**** Provided records

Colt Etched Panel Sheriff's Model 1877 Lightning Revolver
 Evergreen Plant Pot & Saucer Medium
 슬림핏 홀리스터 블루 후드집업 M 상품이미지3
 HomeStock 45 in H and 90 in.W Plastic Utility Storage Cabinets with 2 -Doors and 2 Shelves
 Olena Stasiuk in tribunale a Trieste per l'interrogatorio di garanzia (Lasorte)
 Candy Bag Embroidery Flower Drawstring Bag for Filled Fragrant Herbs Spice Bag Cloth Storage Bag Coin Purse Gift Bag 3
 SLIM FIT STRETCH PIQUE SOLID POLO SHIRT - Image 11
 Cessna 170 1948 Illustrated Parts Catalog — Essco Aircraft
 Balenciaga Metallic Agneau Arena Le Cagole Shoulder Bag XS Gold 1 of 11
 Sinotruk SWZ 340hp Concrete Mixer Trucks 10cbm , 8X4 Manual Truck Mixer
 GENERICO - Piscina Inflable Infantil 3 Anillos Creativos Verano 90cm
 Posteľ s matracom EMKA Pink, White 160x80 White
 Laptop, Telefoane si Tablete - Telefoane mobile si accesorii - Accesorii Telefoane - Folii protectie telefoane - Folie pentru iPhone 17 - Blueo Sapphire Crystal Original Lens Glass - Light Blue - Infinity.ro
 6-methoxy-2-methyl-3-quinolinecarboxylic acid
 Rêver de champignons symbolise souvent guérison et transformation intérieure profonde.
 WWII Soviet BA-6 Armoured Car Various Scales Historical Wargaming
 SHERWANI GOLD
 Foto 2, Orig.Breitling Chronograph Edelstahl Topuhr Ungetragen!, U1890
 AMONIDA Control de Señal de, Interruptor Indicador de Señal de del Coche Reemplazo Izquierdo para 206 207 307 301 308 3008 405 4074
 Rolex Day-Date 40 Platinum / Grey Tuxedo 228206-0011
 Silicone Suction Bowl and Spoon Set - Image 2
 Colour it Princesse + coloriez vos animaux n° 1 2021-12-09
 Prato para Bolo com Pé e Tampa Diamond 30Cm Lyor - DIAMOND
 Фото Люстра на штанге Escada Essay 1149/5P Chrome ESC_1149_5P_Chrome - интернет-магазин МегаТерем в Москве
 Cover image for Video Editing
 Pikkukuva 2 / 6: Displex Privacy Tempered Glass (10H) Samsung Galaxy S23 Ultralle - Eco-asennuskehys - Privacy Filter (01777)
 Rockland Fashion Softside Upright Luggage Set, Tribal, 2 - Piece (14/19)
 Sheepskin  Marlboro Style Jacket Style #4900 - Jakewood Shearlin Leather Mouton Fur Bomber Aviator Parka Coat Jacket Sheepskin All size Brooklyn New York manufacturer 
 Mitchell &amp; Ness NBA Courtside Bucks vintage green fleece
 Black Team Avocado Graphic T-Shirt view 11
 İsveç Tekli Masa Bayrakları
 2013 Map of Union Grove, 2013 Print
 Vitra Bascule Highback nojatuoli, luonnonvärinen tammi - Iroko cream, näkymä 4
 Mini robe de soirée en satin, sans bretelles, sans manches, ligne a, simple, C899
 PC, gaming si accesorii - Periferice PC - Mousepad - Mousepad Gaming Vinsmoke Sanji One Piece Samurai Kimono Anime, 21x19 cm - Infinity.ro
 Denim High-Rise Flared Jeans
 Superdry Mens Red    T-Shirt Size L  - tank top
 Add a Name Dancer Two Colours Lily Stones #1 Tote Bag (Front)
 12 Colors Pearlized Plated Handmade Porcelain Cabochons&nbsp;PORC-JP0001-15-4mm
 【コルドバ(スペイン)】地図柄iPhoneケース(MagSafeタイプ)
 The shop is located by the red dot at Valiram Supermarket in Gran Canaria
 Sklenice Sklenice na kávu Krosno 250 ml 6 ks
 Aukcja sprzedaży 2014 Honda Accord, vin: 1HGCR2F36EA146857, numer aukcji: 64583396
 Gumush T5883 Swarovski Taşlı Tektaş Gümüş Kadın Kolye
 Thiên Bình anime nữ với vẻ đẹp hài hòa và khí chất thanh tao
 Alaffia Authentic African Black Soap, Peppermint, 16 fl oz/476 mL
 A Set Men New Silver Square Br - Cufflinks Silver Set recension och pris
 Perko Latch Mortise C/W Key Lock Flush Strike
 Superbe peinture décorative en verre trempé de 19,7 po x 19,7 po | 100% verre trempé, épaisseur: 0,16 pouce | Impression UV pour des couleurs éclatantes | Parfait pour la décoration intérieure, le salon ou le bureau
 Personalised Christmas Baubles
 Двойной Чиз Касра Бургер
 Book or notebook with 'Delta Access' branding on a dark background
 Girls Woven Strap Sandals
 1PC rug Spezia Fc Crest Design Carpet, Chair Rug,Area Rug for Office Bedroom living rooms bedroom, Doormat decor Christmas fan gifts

********

Required action:
Return the entries above unchanged, starting at the first line and stopping after the line with "Olena Stasiuk in".

Exercise solution:
Colt Etched Panel Sheriff's Model 1877 Lightning Revolver
 Evergreen Plant Pot & Saucer Medium
 슬림핏 홀리스터 블루 후드집업 M 상품이미지3
 HomeStock 45 in H and 90 in.W Plastic Utility Storage Cabinets with 2 -Doors and 2 Shelves
 Olena Stasiuk in tribunale a Trieste per l'interrogatorio di garanzia (Lasorte)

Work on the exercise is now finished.